Deville Suchail -Saint-Etienne (42)

L’envie d’entreprendre

Acteur significatif du négoce de produits métallurgiques et fournitures industrielles dans la région Rhône-Alpes et en Auvergne, le groupe Deville s'appuie sur huit sites dont la société Suchail de Saint-Etienne. Au fil des ans, cet indépendant, adhérant au réseau Socoda, n'a cessé de se développer en valorisant avant tout la présence humaine de ses équipes sur le terrain.

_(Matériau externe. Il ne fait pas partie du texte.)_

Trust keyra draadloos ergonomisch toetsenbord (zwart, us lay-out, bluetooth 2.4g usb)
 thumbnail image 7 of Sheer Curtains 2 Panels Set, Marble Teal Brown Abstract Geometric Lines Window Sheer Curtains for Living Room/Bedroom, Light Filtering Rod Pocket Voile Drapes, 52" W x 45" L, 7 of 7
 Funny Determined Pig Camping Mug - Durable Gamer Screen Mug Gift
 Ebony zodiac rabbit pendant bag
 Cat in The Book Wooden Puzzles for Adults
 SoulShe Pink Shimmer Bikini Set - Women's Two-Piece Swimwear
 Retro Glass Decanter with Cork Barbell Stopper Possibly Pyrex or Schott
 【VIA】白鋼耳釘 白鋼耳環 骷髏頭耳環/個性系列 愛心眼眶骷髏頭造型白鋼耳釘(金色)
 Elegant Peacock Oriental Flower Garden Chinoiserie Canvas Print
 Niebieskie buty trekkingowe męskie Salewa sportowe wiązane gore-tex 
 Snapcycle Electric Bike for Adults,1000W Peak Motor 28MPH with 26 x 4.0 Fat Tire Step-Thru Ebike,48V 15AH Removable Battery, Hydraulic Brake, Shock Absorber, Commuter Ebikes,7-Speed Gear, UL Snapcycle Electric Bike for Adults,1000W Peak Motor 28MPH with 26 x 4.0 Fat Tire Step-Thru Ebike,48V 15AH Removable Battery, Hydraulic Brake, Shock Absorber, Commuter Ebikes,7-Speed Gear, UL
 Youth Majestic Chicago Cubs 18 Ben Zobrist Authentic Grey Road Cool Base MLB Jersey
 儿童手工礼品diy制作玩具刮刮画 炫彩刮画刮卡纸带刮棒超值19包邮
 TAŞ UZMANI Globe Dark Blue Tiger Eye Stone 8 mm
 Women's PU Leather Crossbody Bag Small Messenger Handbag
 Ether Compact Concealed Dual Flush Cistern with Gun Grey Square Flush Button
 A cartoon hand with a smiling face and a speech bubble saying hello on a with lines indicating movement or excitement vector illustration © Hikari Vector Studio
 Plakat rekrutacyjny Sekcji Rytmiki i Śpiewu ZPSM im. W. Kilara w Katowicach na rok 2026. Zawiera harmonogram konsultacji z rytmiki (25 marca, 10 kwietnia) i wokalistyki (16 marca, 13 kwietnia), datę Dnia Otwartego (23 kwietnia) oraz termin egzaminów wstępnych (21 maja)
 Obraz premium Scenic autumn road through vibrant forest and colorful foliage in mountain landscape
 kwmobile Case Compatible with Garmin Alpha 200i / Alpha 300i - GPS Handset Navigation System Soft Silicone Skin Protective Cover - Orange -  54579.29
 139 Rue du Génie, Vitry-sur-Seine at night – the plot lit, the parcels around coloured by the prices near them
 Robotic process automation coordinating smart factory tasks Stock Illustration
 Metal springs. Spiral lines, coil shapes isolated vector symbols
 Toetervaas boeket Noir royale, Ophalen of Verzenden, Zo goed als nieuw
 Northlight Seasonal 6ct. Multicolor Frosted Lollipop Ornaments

Le groupe Deville, c'est avant tout une affaire d’équilibre, équilibre entre deux activités – la fourniture industrielle et les aciers –, équilibre aussi dans la façon dont Frédéric Deville gère et entrevoit l'évolution de l'entreprise familiale qu'il dirige, entre croissance interne et externe, réflexion et audace, organisation millimétrée et créativité, optimisation des ressources en place et envie d'aller de l'avant.

A l'origine, un inventeur

Le groupe ligérien est né en 1929 lorsque Jean Deville, grand-père de Frédéric, reprend une quincaillerie à Saint-Bonnet-Le-Château dans la Loire. Au-delà des articles de ménage et de quincaillerie proprement dits, son activité est tournée vers le travail du métal, étant donné la forte présence dans la région d'armuriers, de serruriers, sans oublier les charrons qui utilisent l'acier pour le bandage des roues.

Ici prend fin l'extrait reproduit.